Uno de los troncos que arde en esta hoguera literaria es el de la memoria; me calienta su llama. Se consume también la leña de la nostalgia; escucho su crepitar. No escapa al fuego la madera de la condición humana; me ilumina su luz.

Abro los libros y descubro una erupción de chispas existenciales en los párrafos. Leo las páginas y el humo de las contradicciones enchila mis ojos. Hablo, comento, pregunto, respiro, y la ceniza del misterio revolotea en los capítulos.

Paredes de ladrillo maquilladas con el hollín de personajes tan humanos como inolvidables, pueblos tan celestiales como infernales y familias tan ejemplares como heridas.

El aroma a quemado de la soledad, el fracaso, la tristeza, el rencor, los celos, las apariencias, el qué dirán, la violencia, el silencio, la ausencia, el miedo, la pérdida de la fe, el tortuoso camino de la redención, las bajezas, el misterio, las preguntas nunca hechas o jamás contestadas, el instinto de autodestrucción, la culpa, los moralismos a ultranza y Dios, siempre Dios…

La brasa rojiza de la bondad, el sentido del humor, la ternura, el cariño, la solidaridad, el abrazo, la amistad, el camino que permite volver, la mesa donde se comparte el pan, el corredor de las tertulias, la carta tanto tiempo esperada, el perdón, la comprensión, el progreso que caminaba lento, la gratitud, el amor, siempre el amor…

Cuatro de estas chimeneas publicadas por Galaxia Gutenberg destellan en mi biblioteca: En casa, Gilead, Jack y Lila.
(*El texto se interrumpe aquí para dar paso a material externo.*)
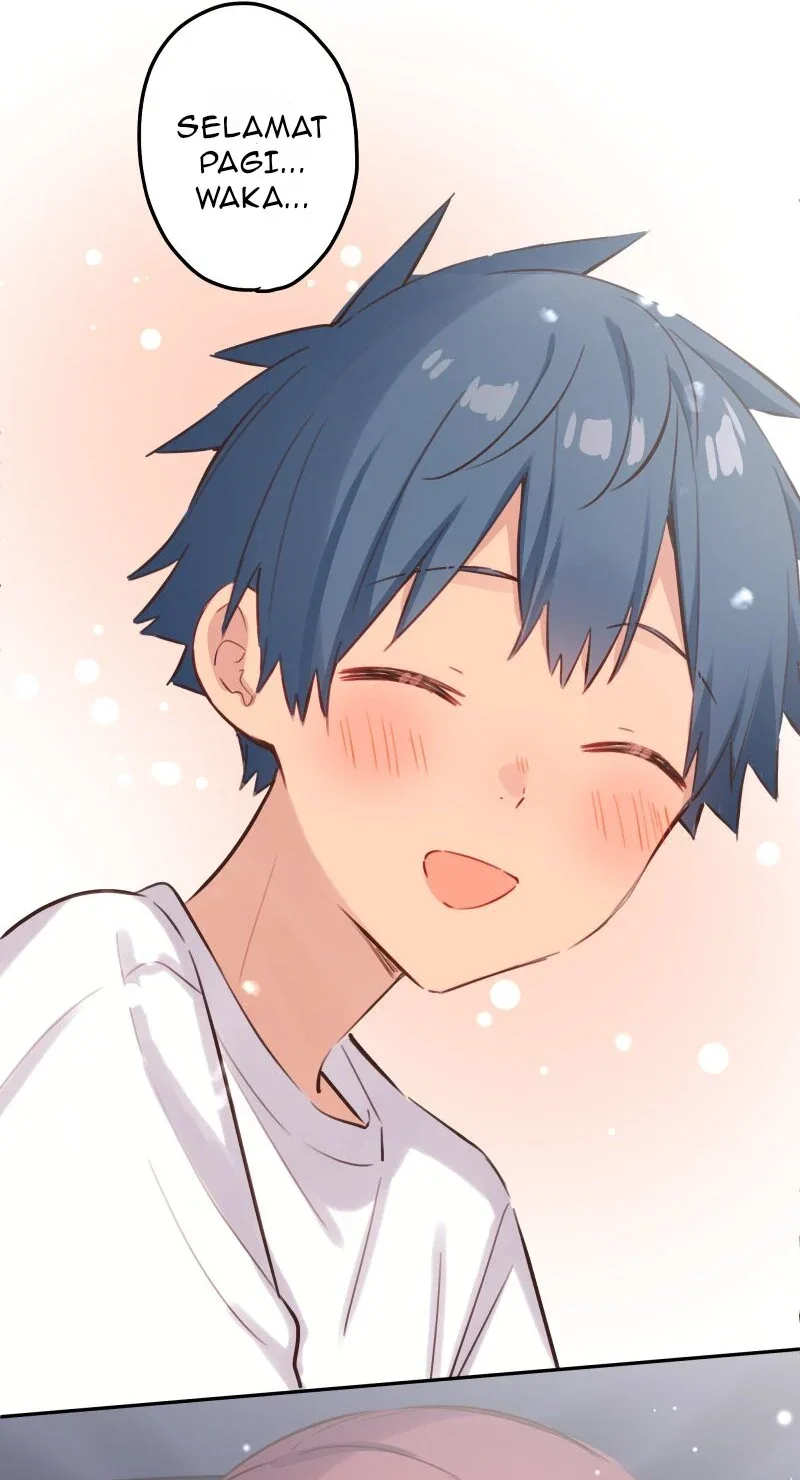 Halaman 17 — Waka-chan Is Flirty Again Chapter 209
Se alimentan con el combustible de comunidades estadounidenses de finales de los años mil ochocientos y principios de los mil novecientos.
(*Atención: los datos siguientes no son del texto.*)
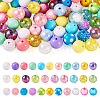 82Pcs 32 Style Mixed Style Acrylic Beads MACR-TA0001-23-11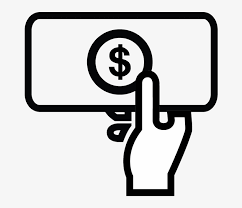 Just to search and unlimited download for free. Black Dollar Sign Money Icon Expense Icon Png White 983x983 Png Download Pngkit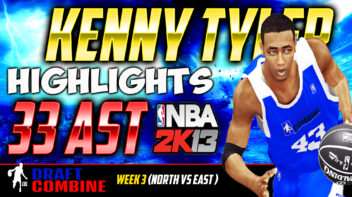 NBA 2K13 Week 3 North vs East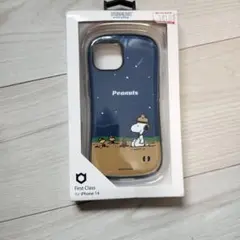 iFace Peanuts スヌーピー iPhone 14用ケース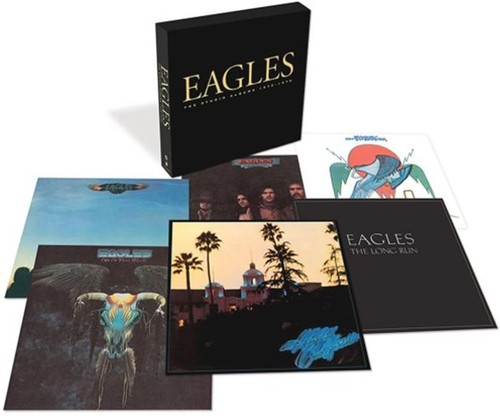 Eagles the studio albums - the,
Hasta ahora me he acercado más a la pira de las dos primeras de esas novelas, pero a ratos juego con el fuego de las dos últimas; me delatan los pensamientos tiznados, las ideas chamuscadas, la risa ahumada y el llanto en ebullición.

Más que una escritora, Marilynne Robinson es una pirómana de la palabra. Abriga, pero también quema, e ilumina al mismo tiempo que encandila y ciega. Chimenea que atrae y aleja; hay que buscar la distancia adecuada (el eterno dilema del lector).
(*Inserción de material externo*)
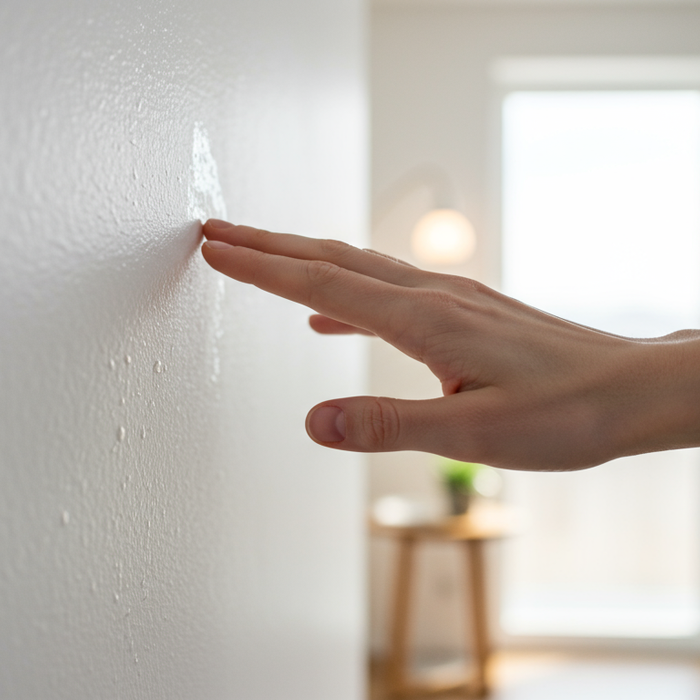 Muro umido ma senza muffa: cosa fare?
Y el ascua de la poesía siempre presente. Porque esta autora no se limita a narrar como quien simplemente informa o arma un rompecabezas de palabras. Ella cuenta con gracia y belleza; el sentido estético al servicio del arte.

Tal es el caso de un episodio de Gilead al que yo llamo “el entierro de las Biblias”, tres páginas en las que Robinson da cuenta de un suceso lamentable con maestría y elegancia. Uno de estos días les contaré esa historia en la que también estuvo presente el fuego.

Vale la pena acercarse a la chimenea literaria de Marilynne Robinson. Es justo lo que estoy haciendo en la recta final del 2021.